INSTRUCTIONS FOR THE TASK: Starting at the first line of the data, print every line up to and including the one with "脐橙冻害后如何补救_早春茶园冻害原因及预防补救措施", but no pictures.
=== Begin Enclosure ===
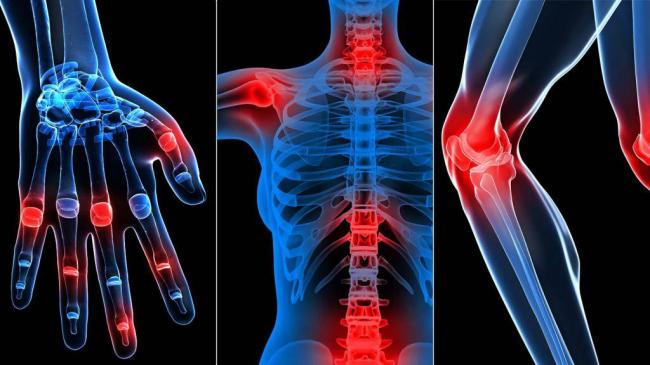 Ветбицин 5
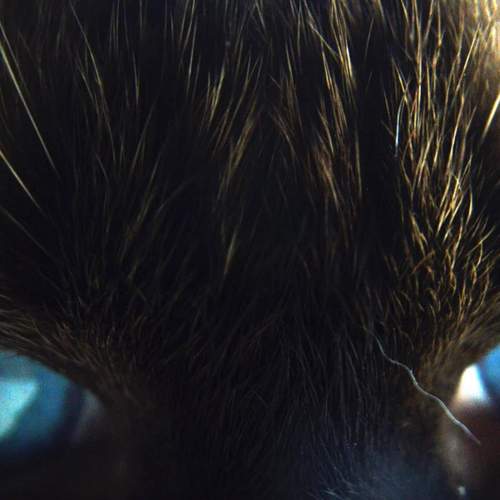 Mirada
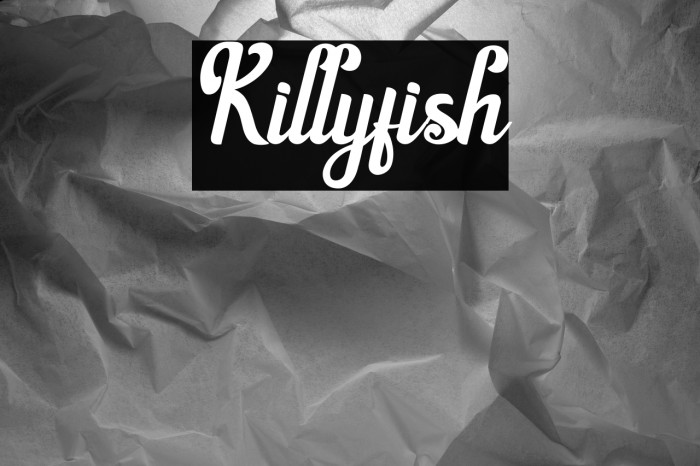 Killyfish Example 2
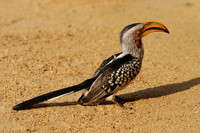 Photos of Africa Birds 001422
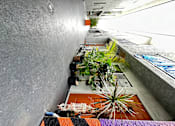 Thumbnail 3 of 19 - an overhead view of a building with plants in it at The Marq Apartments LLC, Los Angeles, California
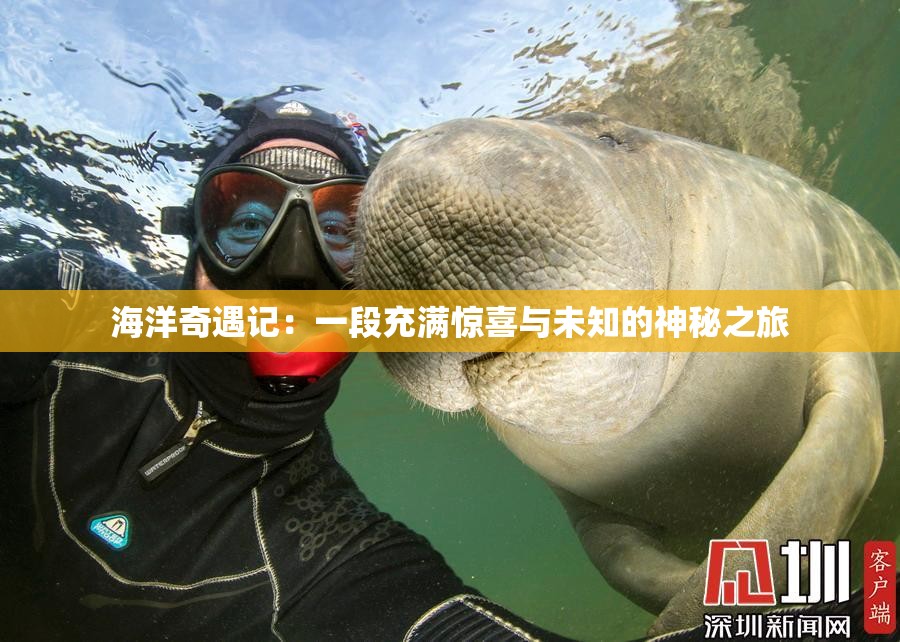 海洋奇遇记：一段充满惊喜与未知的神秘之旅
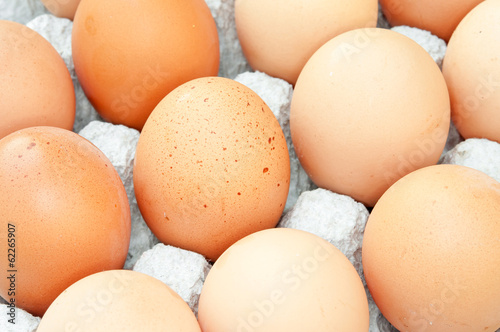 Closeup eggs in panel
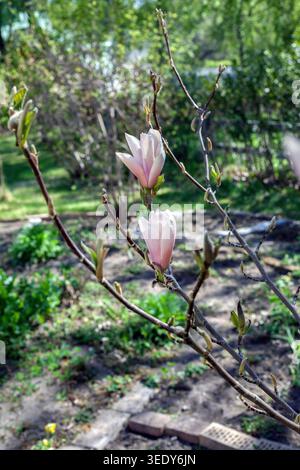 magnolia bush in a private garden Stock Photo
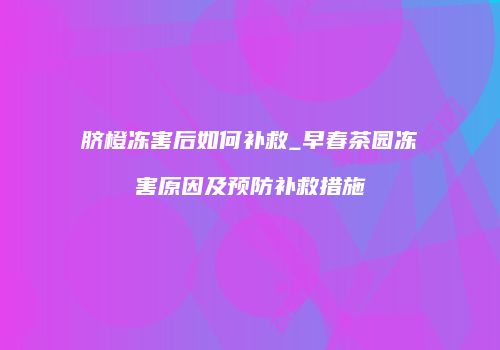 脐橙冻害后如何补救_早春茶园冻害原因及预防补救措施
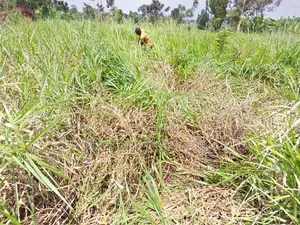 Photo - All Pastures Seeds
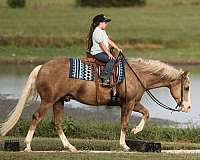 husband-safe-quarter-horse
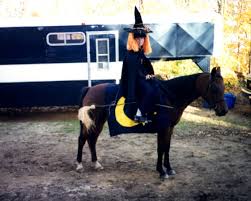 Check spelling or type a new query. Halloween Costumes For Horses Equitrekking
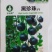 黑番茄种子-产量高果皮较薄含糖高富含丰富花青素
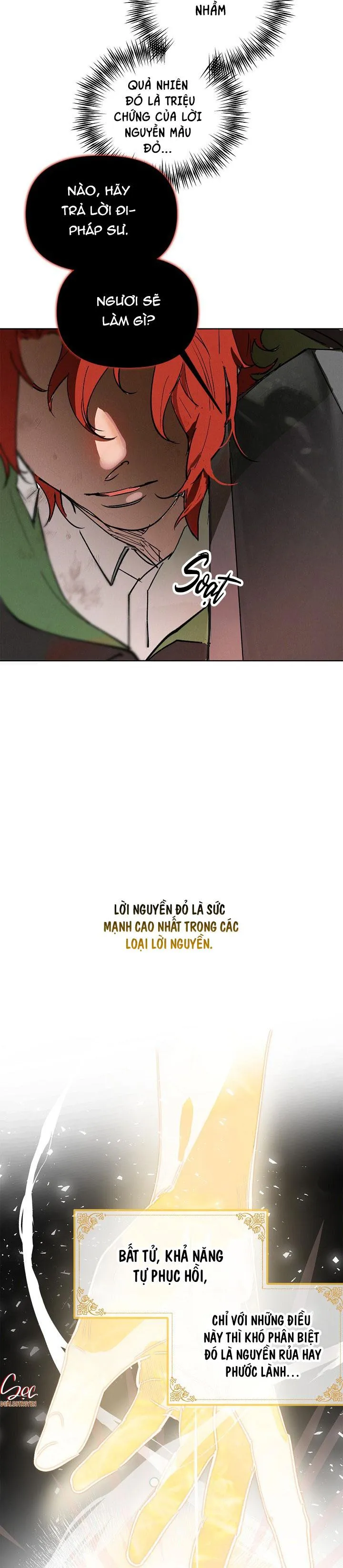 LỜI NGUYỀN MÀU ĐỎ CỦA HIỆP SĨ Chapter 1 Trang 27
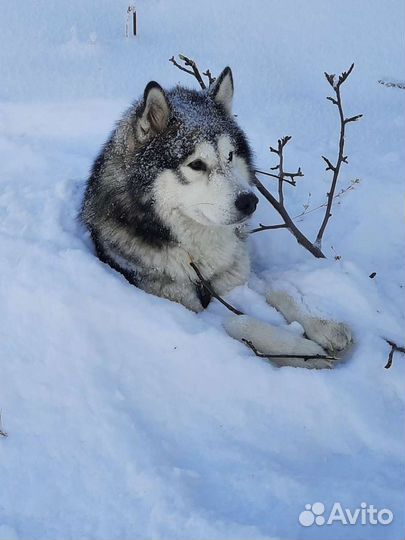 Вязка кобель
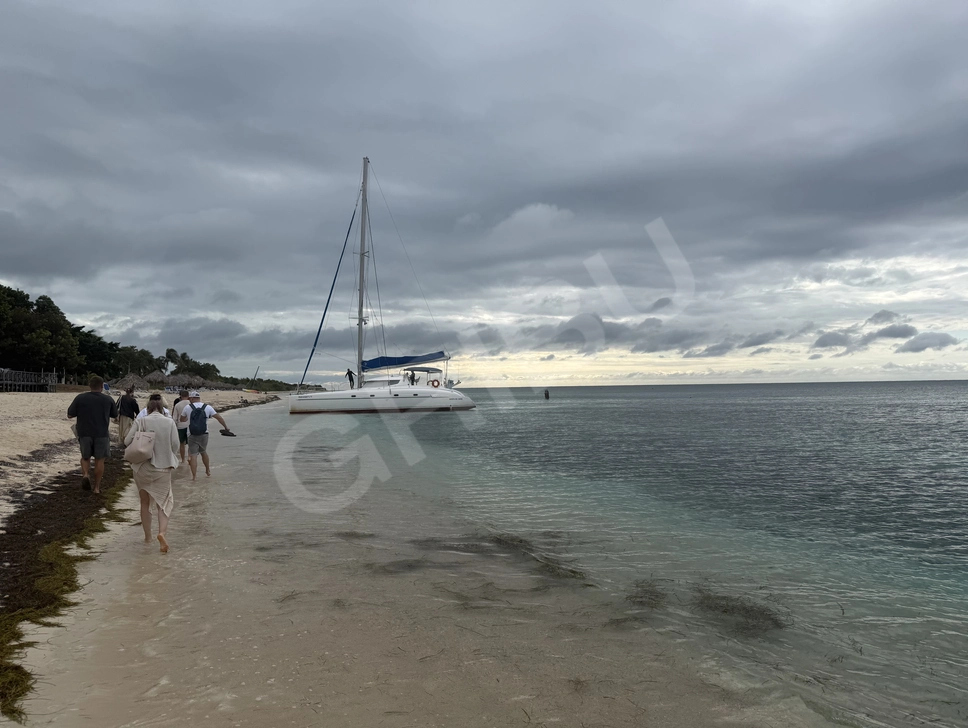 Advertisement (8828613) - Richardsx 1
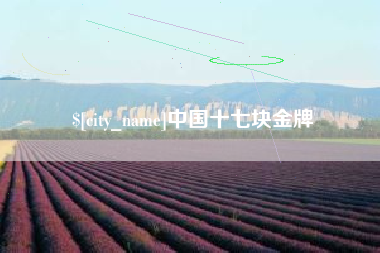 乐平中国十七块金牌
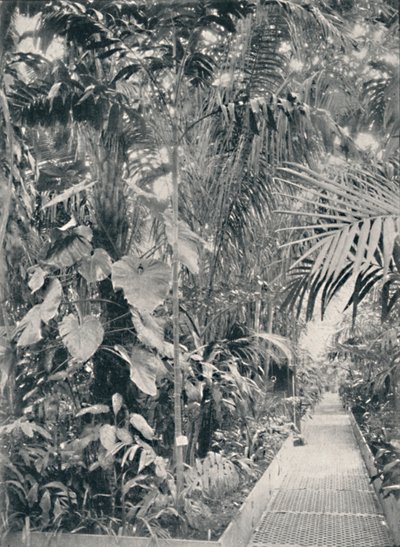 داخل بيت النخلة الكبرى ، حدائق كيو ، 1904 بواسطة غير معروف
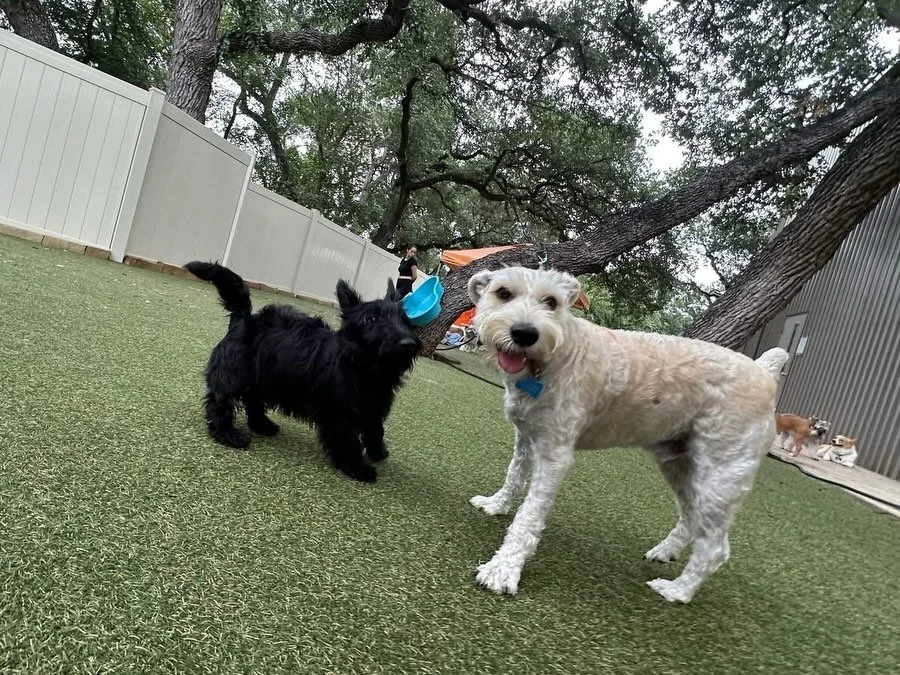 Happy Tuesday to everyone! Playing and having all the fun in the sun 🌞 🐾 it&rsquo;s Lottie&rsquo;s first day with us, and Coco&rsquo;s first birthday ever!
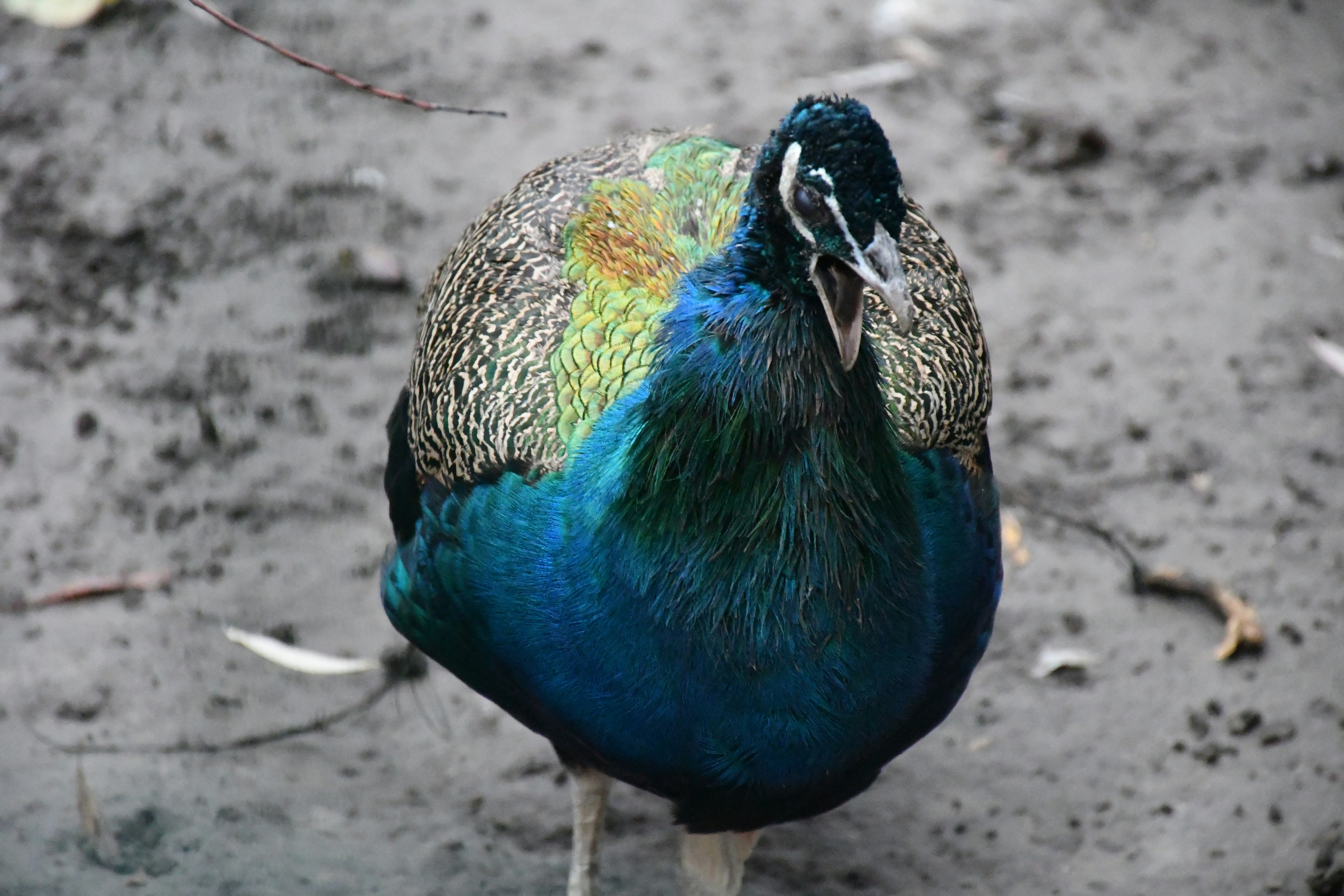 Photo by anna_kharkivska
=== End Enclosure ===
PROBLEM SOLUTION:
 Ветбицин 5
 Mirada
 Killyfish Example 2
 Photos of Africa Birds 001422
 Thumbnail 3 of 19 - an overhead view of a building with plants in it at The Marq Apartments LLC, Los Angeles, California
 海洋奇遇记：一段充满惊喜与未知的神秘之旅
 Closeup eggs in panel
 magnolia bush in a private garden Stock Photo
 脐橙冻害后如何补救_早春茶园冻害原因及预防补救措施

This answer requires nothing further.